### EXERCISE DETAILS
Nothing but the lines from the first line of the records through the line with "LO - CHL Bags - 2213" should be output, exactly as written and free of pictures.

(Stored items)
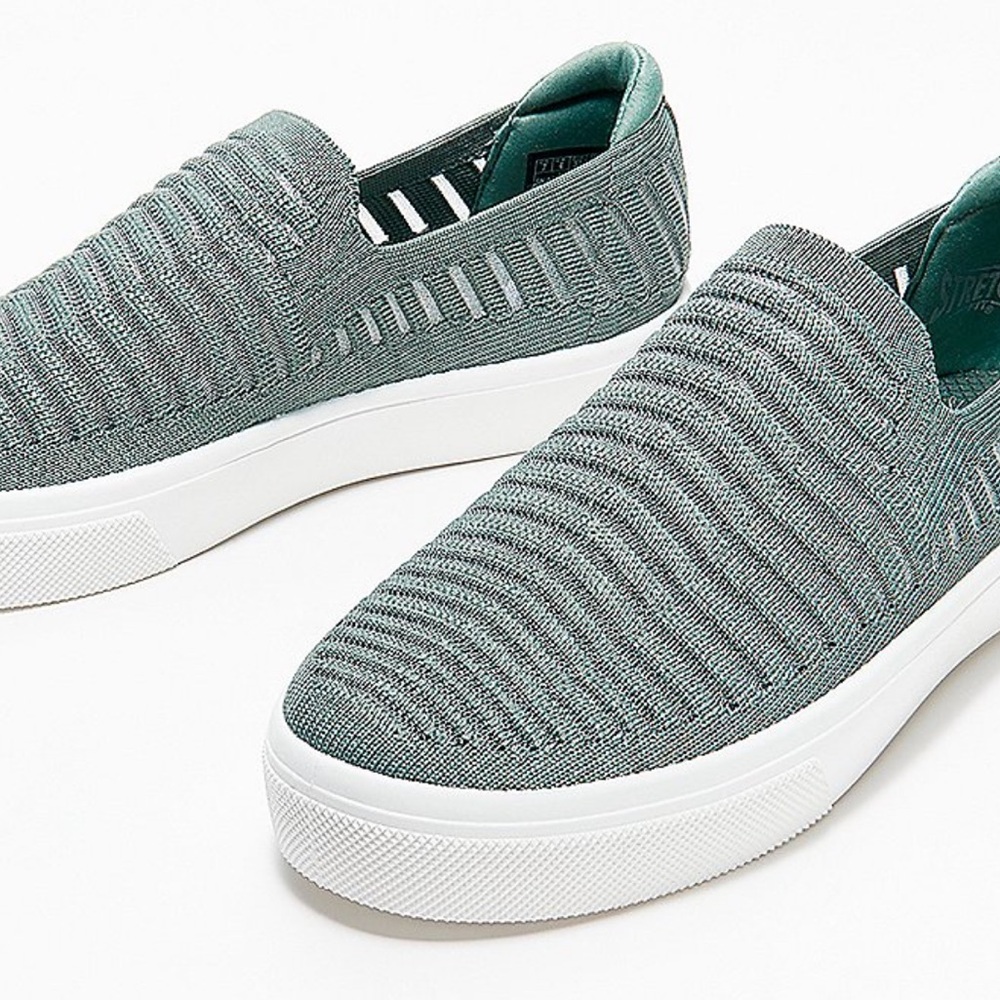 Skechers Poppy Washable Slip-ons size 11 women’s - Picture 11 of 11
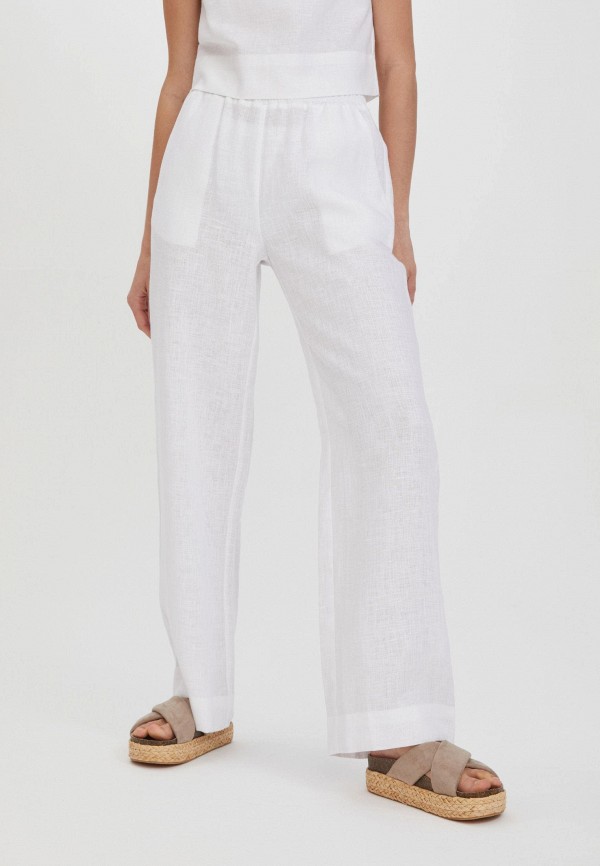 Soul Mind Брюки - Grafit - фото 1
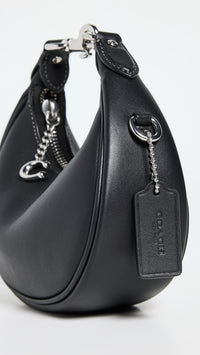Coach Jonie Bag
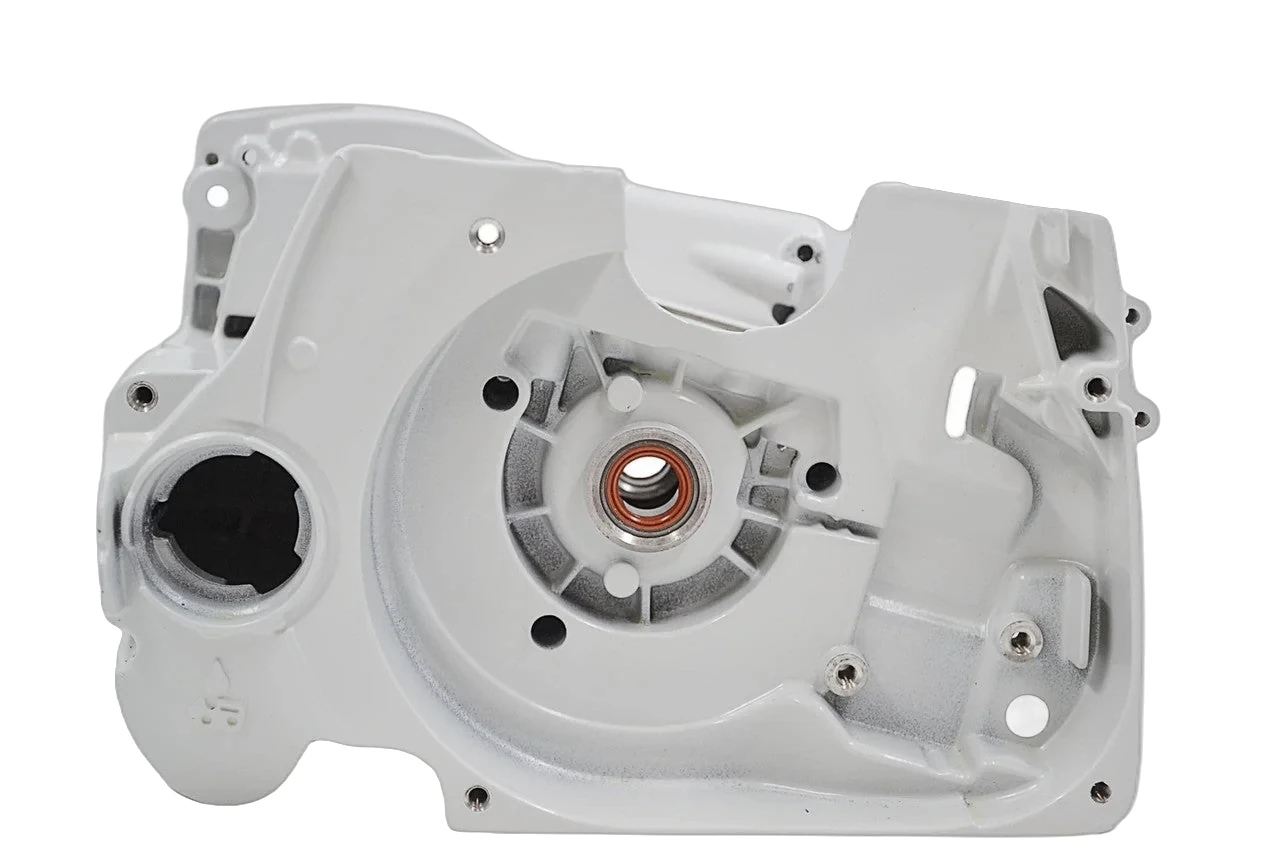Stihl - 1135-020-2913 - Kurbelgehäusehälfte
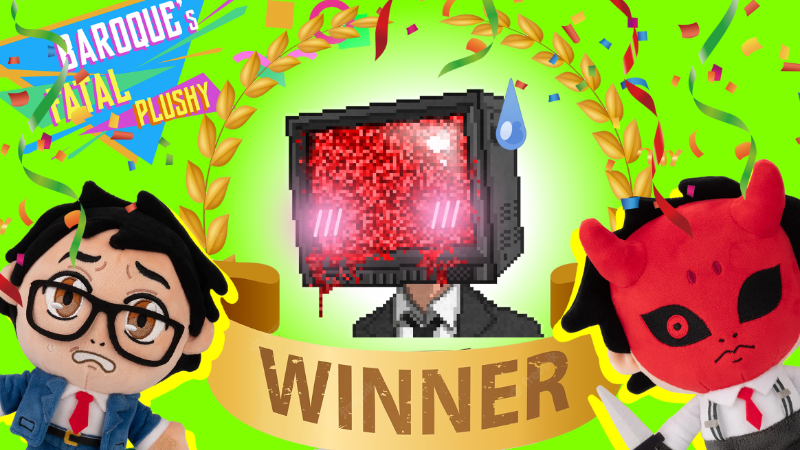 e45fd2e3c7a80d9959071d63697815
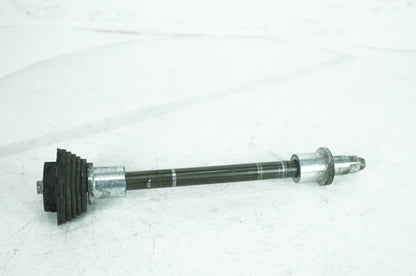 2008 - 2016 Harley-Davidson Touring Electra Glide Ultra Rear Fork Swingarm Pivot Bolt Shaft 47540-11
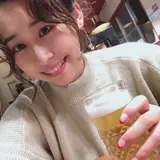 まぁこ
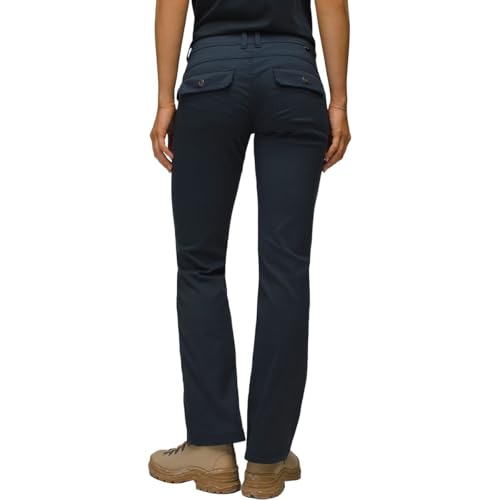 prAna Womens Halle Pant
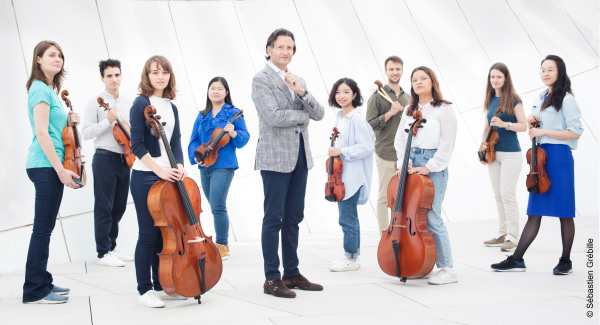 Click for larger image Académie.png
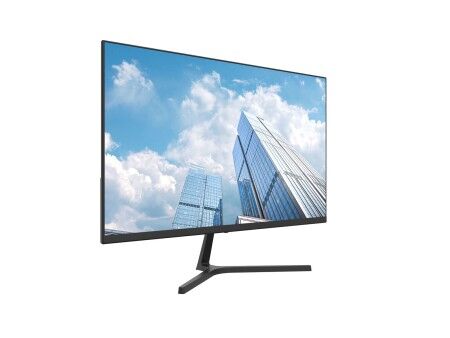 Monitor DAHUA TECHNOLOGY
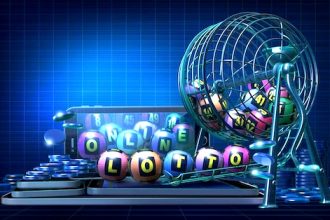 Ce trebuie sa stii despre loteriile online Betano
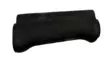 Sako RK62 käytetty etutukki - Used gun parts - vaihto03040 - 2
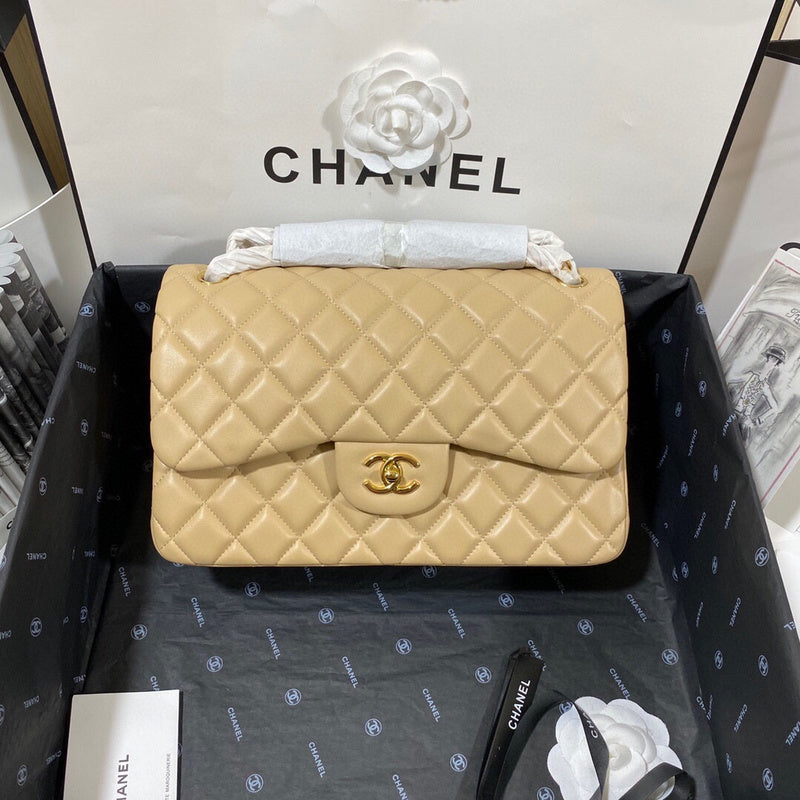 LO - CHL Bags - 2213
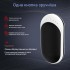 Грілка для рук Welodorir ZLS-118S 5200 мАг White (R4398130820250) Грілка для рук Welodorir ZLS-118S 5200 мАг White (R4398130820250)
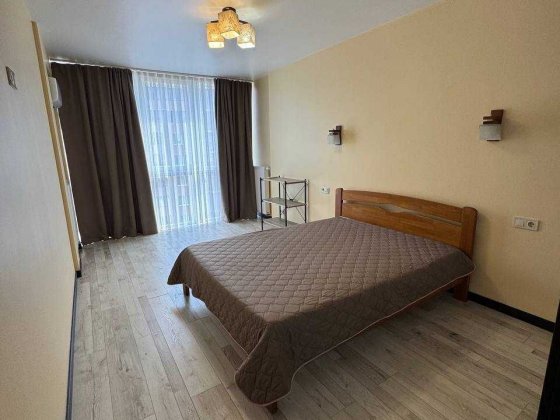 Оренда 3к квартири по вул. Кн Ольги Добра Оселя Львов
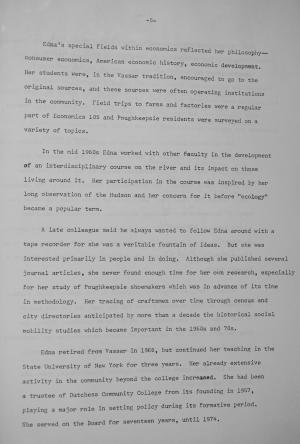 19553-Service File.jpg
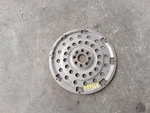 Flywheel/flex Plate Automatic Transmission Gasoline Fits 12-25 Civic 311556. Fixed Price $65.00.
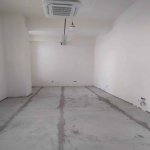 Satılır 1 otaqlı Ofis, Yasamal rayonu 19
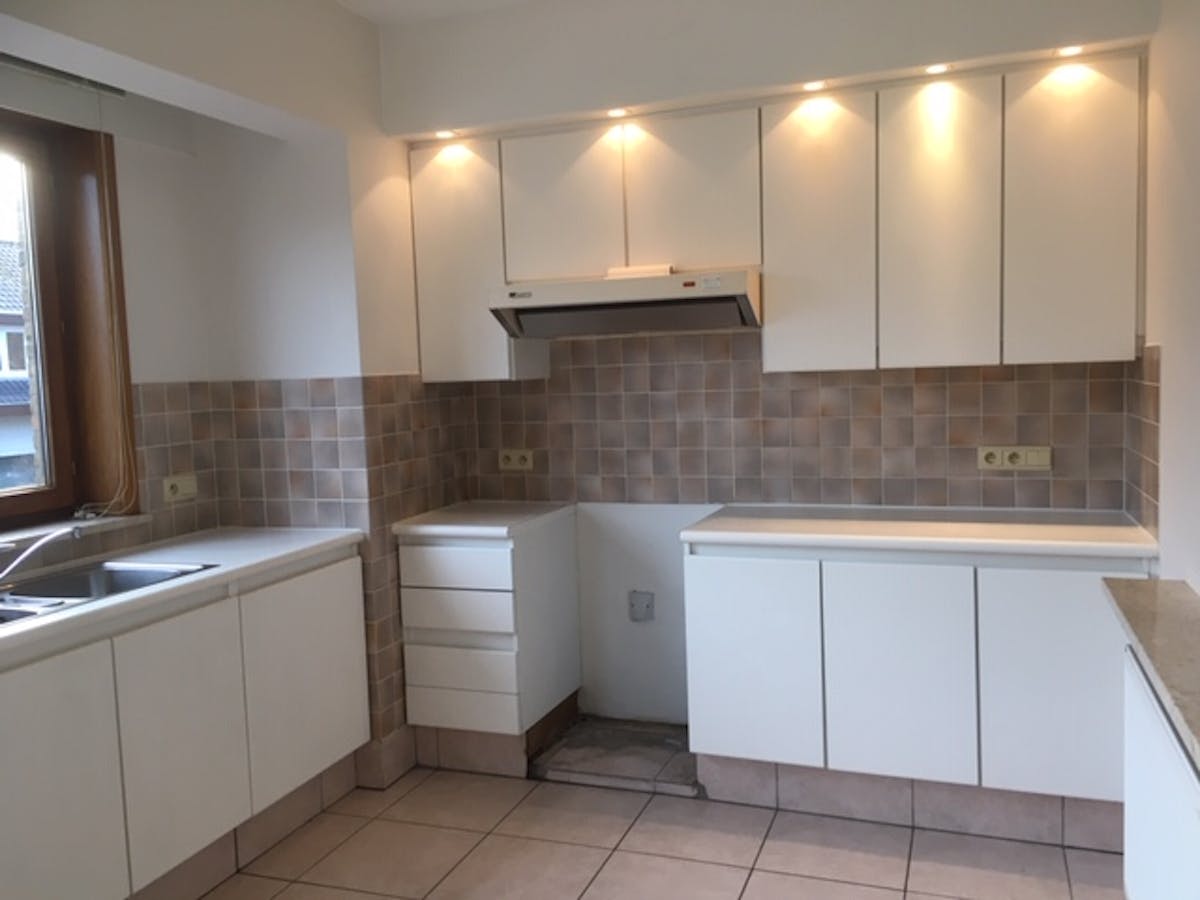 Apartment for rent in Ostend - photo 3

### REPLY TO THE TASK
 Skechers Poppy Washable Slip-ons size 11 women’s - Picture 11 of 11
 Soul Mind Брюки - Grafit - фото 1
Coach Jonie Bag
Stihl - 1135-020-2913 - Kurbelgehäusehälfte
 e45fd2e3c7a80d9959071d63697815
 2008 - 2016 Harley-Davidson Touring Electra Glide Ultra Rear Fork Swingarm Pivot Bolt Shaft 47540-11
 まぁこ
 prAna Womens Halle Pant
 Click for larger image Académie.png
 Monitor DAHUA TECHNOLOGY
 Ce trebuie sa stii despre loteriile online Betano
 Sako RK62 käytetty etutukki - Used gun parts - vaihto03040 - 2
 LO - CHL Bags - 2213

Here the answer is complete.